Para quem busca diversão casual, jogos como Left 4 Dead são perfeitos, pois não exigem muita atenção na história. Entretanto, eu enxergo perfeitamente que há um exagero na produção desse tipo de game. Há títulos demais almejando a diversão sem querer desenvolver um mínimo de motivação.

A falta de games audaciosos foi um dos tantos motivos pelos quais The Last of Us fez sucesso. A equipe da Naughty Dog caprichou no apocalipse. Quem jogou sabe que o roteirista não teve medo de se arriscar apelando para elementos reais (como o fungo que gerou todo o caos) e algumas temáticas mais pesadas — as primeiras cenas são chocantes.


Uma boa ideia que está para chegar vem da Ubisoft. Em The Division, a empresa visa colocar o jogador em uma situação inusitada: você faz parte de uma organização que quer conter o caos em Nova York e ajudar a população na luta contra um vírus letal (que foi espalhado através de notas de dinheiro). Neste jogo, existe a questão de conter um possível apocalipse.
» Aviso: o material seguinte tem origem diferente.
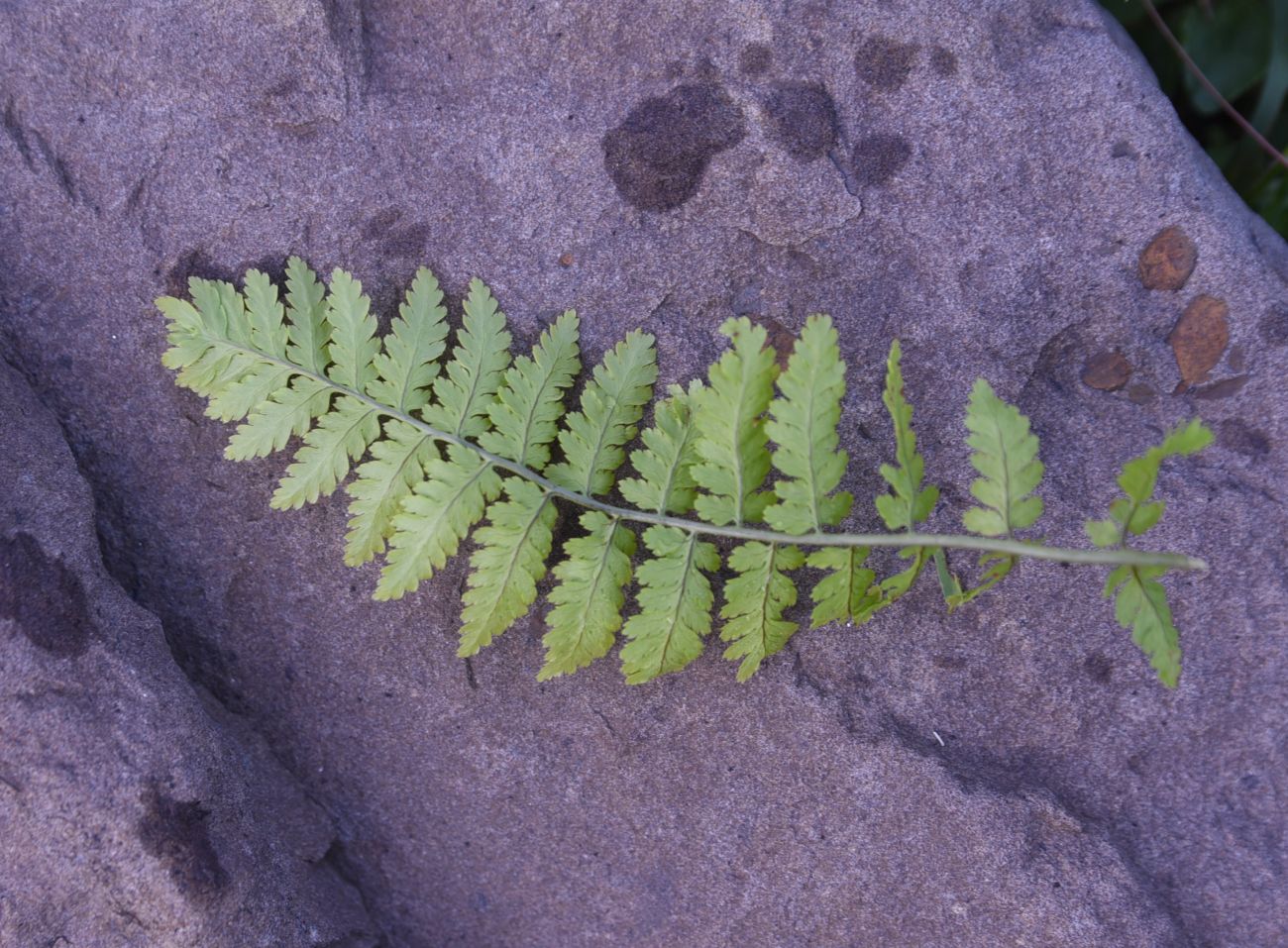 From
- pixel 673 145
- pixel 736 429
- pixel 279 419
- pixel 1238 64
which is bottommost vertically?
pixel 279 419

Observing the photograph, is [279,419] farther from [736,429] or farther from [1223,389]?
[1223,389]

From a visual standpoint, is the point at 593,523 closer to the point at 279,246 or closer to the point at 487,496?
the point at 487,496

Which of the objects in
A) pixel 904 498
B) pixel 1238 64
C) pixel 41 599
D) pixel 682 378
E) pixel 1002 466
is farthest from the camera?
pixel 1238 64

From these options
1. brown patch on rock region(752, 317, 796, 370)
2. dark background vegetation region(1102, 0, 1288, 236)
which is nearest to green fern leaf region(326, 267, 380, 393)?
brown patch on rock region(752, 317, 796, 370)

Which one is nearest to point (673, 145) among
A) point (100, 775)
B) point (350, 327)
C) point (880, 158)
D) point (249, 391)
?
point (880, 158)

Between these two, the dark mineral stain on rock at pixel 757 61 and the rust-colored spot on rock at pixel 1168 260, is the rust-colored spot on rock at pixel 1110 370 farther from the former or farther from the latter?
the dark mineral stain on rock at pixel 757 61

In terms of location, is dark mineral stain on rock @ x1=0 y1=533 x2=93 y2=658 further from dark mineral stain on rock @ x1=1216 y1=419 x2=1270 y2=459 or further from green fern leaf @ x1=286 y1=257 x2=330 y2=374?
dark mineral stain on rock @ x1=1216 y1=419 x2=1270 y2=459

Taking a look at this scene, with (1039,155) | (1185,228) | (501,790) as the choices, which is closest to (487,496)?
(501,790) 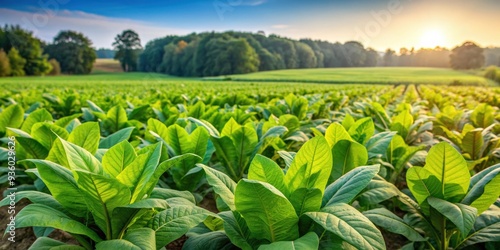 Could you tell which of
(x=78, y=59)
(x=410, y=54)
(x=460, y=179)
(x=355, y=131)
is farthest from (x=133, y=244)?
(x=410, y=54)

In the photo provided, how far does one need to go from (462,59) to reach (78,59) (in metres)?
88.9

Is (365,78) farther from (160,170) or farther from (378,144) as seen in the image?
(160,170)

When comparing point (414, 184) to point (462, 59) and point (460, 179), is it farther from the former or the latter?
point (462, 59)

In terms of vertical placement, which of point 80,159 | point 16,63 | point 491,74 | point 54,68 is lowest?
point 491,74

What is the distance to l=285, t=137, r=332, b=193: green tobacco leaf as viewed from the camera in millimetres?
1234

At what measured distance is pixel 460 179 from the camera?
1.38 metres

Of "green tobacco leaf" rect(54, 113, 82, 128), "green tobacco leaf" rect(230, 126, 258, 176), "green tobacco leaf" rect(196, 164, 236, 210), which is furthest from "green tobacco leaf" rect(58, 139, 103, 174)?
"green tobacco leaf" rect(54, 113, 82, 128)

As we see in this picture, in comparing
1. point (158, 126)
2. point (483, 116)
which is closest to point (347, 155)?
point (158, 126)

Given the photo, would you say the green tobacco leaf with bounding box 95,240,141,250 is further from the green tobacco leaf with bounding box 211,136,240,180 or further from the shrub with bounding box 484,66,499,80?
the shrub with bounding box 484,66,499,80

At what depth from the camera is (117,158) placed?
4.25 ft

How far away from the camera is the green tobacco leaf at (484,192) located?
4.31 ft

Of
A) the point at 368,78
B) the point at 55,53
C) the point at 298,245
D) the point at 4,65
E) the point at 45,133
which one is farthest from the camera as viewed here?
the point at 55,53

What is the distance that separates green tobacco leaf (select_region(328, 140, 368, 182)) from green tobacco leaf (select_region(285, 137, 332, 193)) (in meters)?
0.41

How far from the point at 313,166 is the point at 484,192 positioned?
722 mm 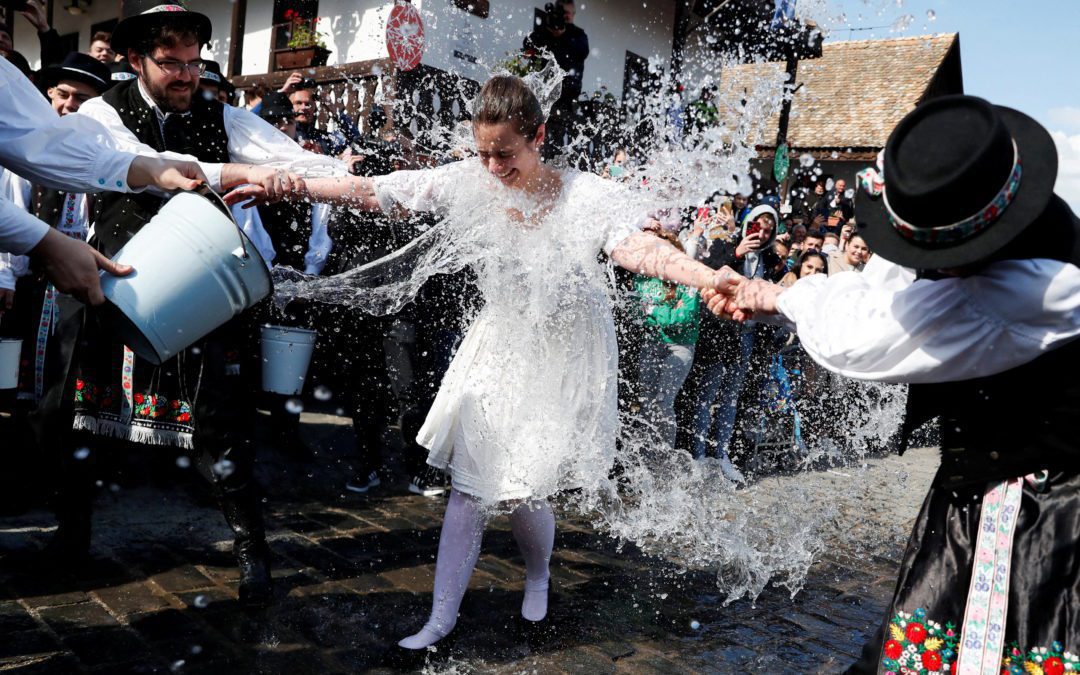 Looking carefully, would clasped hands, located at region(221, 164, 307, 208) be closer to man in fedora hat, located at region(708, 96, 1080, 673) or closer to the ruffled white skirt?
the ruffled white skirt

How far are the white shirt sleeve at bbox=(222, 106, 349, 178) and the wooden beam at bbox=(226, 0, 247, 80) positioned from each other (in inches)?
369

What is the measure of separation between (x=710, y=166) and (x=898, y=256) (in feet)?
6.08

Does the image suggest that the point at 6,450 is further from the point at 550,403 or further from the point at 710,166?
the point at 710,166

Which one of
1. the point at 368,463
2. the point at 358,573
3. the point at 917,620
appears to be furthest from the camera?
the point at 368,463

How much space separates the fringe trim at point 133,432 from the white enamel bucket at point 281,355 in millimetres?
981

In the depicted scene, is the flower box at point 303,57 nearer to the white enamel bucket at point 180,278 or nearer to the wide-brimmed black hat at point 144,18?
the wide-brimmed black hat at point 144,18

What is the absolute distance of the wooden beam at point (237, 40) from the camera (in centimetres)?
1213

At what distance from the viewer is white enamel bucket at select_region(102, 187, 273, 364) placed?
257 cm

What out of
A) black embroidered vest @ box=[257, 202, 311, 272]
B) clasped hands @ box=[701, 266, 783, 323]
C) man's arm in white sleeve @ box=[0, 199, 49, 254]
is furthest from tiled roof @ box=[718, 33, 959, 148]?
man's arm in white sleeve @ box=[0, 199, 49, 254]

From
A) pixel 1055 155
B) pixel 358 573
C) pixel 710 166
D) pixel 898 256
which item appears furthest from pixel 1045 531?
pixel 358 573

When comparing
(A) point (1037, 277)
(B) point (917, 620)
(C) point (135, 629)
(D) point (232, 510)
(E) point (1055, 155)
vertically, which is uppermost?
(E) point (1055, 155)

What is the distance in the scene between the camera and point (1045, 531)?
1.90 m

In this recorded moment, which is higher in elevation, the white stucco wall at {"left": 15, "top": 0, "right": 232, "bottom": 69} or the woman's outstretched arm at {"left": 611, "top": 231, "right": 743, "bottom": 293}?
the white stucco wall at {"left": 15, "top": 0, "right": 232, "bottom": 69}

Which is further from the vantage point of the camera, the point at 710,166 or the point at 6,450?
the point at 6,450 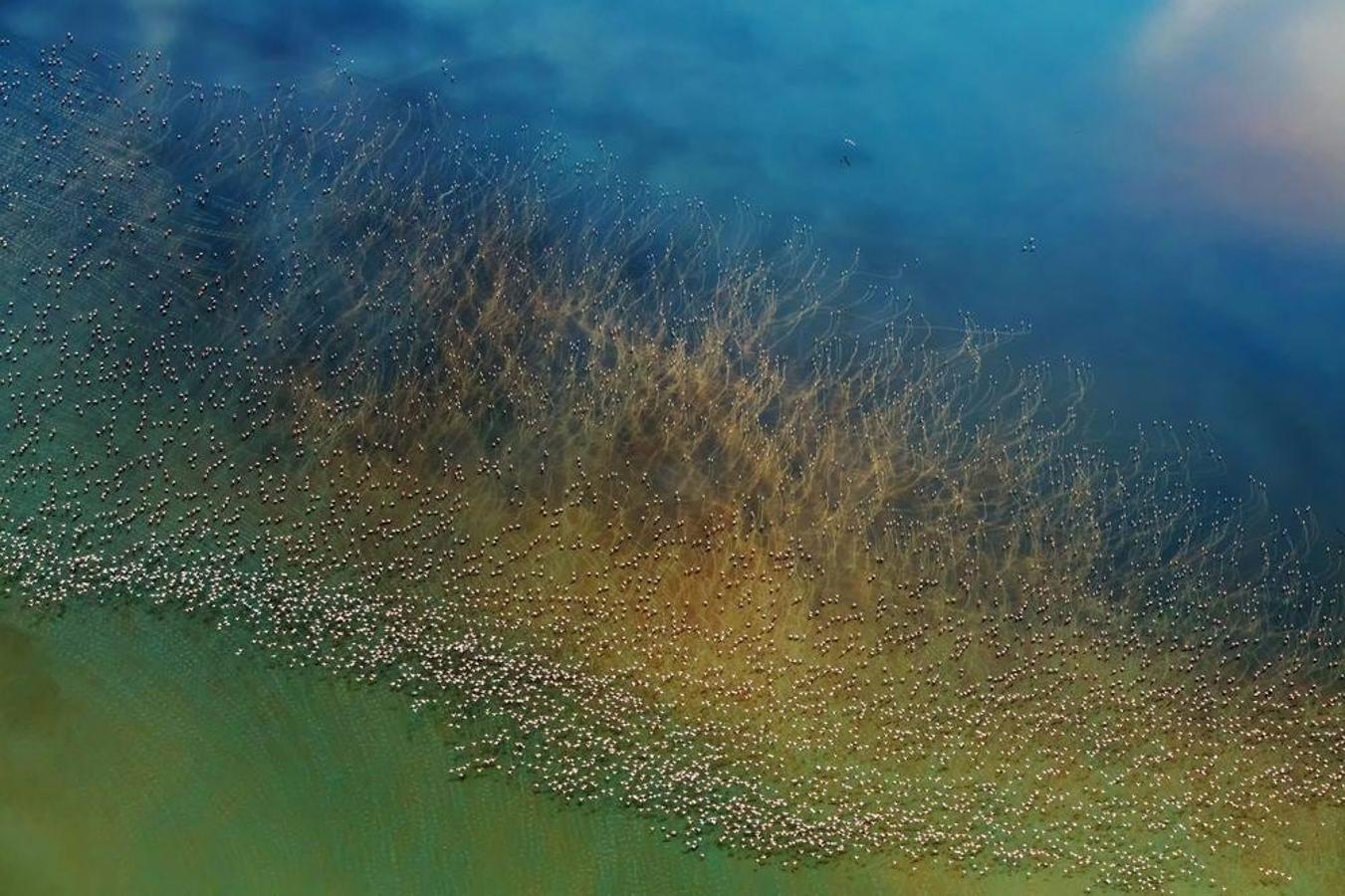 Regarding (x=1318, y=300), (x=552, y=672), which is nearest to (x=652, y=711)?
(x=552, y=672)

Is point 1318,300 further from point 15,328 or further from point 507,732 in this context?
point 15,328

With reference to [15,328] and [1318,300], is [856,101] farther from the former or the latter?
[15,328]

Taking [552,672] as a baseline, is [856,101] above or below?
above

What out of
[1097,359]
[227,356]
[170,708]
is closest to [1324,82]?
[1097,359]

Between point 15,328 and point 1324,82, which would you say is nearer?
point 15,328

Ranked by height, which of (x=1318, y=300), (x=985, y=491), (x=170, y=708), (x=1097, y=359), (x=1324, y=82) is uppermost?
(x=1324, y=82)

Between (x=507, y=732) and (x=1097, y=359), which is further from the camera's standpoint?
(x=1097, y=359) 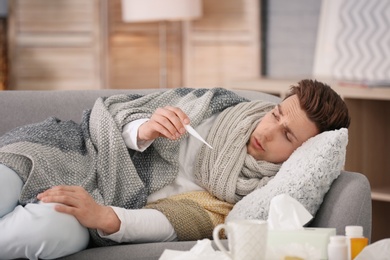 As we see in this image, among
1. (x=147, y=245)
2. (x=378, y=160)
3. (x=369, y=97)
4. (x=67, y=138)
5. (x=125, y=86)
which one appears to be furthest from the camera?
(x=125, y=86)

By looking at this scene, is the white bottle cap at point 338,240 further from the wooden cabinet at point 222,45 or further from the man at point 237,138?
the wooden cabinet at point 222,45

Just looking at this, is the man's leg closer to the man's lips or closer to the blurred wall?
the man's lips

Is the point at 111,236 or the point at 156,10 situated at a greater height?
the point at 156,10

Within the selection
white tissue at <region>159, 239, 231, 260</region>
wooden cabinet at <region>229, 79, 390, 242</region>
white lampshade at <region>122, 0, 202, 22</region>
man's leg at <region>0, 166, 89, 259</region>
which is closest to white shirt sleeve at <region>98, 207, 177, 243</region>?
man's leg at <region>0, 166, 89, 259</region>

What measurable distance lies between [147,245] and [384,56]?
2122 mm

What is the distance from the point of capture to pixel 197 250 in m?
2.03

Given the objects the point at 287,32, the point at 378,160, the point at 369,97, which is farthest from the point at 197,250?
the point at 287,32

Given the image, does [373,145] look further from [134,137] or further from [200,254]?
[200,254]

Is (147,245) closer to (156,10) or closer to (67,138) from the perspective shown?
(67,138)

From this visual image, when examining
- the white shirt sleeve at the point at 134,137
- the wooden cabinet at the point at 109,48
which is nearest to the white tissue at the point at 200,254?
the white shirt sleeve at the point at 134,137

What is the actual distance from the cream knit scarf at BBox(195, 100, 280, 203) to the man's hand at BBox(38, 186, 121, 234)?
35cm

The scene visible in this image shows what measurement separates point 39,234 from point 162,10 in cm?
283

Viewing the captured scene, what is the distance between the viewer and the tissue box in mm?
1974

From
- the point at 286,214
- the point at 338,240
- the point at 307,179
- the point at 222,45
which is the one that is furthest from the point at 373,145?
the point at 338,240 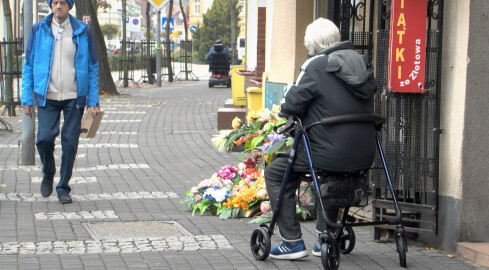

A mesmice na premissa, nos meios e na finalização dos jogos poderia ser quebrada com um pouco de ousadia. A destruição do mundo ou, quem sabe, um grande choque (a morte do protagonista ou a impossibilidade de salvar o planeta) na conclusão do jogo poderia ser uma boa ideia para fugir do padrão.

Esses jogos devem continuar existindo!

The Last of Us mereceu destaque por usar o apocalipse apenas como um pretexto — o foco não está na matança de zumbis, mas sim no drama dos personagens principais. Claro, nem todos os jogos podem seguir essa ideia e, sinceramente, eu penso que não é interessante que todos comecem a fazer uma abordagem mais profunda na história.

Se todas as empresas buscassem criar apenas jogos como o da Naughty Dog, logo teríamos um mercado saturado de boas histórias e isso não necessariamente agradaria a maior parte do público (que aparentemente adora um bom FPS livre de roteiro).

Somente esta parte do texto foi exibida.